Others might argue that telco fixed wireless is part of the strategy for catching up with cable. And AT&T recently has stepped up investment in gigabit services where it believes their is a business model.
Others might argue that at least AT&T and Verizon are looking past fixed segment competition and hoping to lead in the future mobile and untethered markets. That is part of the interest in both mobile video and fixed wireless built on the mobile network.
Yet others might argue that apps and services beyond internet access will drive revenue in a decade, not access, per se, reducing the value of access investments, in any case.
Still, the market impact cable TV has had is foundational. Its reliance on its own facilities, using different platforms than telcos use, has allowed it to upgrade faster, at lower cost, than telcos have been able to do using fiber to the home.
But most of the share losses have come from telcos other than AT&T and Verizon, which in recent years have been holding their own. In other words, you might argue both those firms have invested enough to get by, while prioritizing investments in mobility that clearly has driven revenue growth for both firms.
The issue now is how much investment has to be tweaked to maintain the “just enough” capex. Many would argue it does not make sense for either AT&T or Verizon to overinvest in fixed network internet access, as the financial return simply will not be there.
At this point, the fixed network internet access market is nearly a zero-sum game. That means most of the market share gains will have to come from other competitors. Such markets are tough.
The total number of U.S. internet connections increased by about six percent between December 2015 and December 2016, reaching 376 million, the Federal Communications Commission reports. So there was growth, but at low and slowing rates.
With the caveat that speeds offered by some providers seems to be increasing about 50 percent per year, the 106 million fixed connections at the end of 2016 included 37 percent (39 million connections) operating between 25 Mbps and 100 Mbps, while 23 percent (or 25 million connections) offered speeds of at least 100 Mbps.
That suggests the policy of gradually investment by AT&T, for example, is largely defensive.

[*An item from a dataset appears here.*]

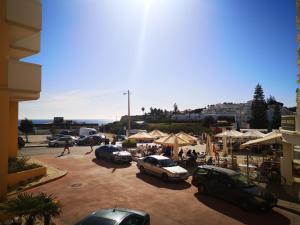 a group of cars parked in a parking lot at Armação de Pêra Praia Mar Sol in Armação de Pêra +35 photos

That makes sense, one might argue, in the context of a business driven by mobility or video services, not internet access.
In the fourth quarter of 2017, for example, AT&T earned 85 percent of revenue from apps, not internet access.

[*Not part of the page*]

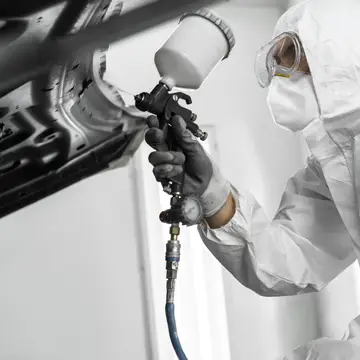 Technician in a protective suit spray painting a vehicle body part.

Keep in mind that the FCC figures also represent consumer buying choices, not the services available to buy. Consumers make rational choices about internet access, buying services that provide the best perceived value proposition, not necessarily always the “fastest available” tiers of service.
They buy what is “good enough,” more often than they buy what they deem “best.”
So 62 percent of consumers chose to buy services running faster than 25 Mbps.
Some 38 percent of consumers bought services operating at slower speeds, though it is impossible to say for sure whether those customers were unable to buy faster services, or chose to buy slower services even when faster alternatives were available.
Some four percent of consumers (four million connections) bought services operating slower than 3 Mbps downstream.
Some 14 percent bought (15 million connections) services operating between 3 Mbps and 10 Mbps. Some 22 percent (23 million connections) purchased services running between 10 Mbps and 25 Mbps.
The median (half of connections faster, half slower) downstream speed of all reported fixed connections was 40 Mbps and the median upstream speed was 5 Mbps.
For residential fixed connections, the median downstream speed was 50 Mbps and the median upstream speed was 5 Mbps.
Most of the growth in total Internet connections is attributable to increased mobile Internet access subscribership. The number of mobile Internet connections increased 7% year-over-year to 270 million in December 2016, while the number of fixed connections grew to 106 million – up about 3% from December 2015.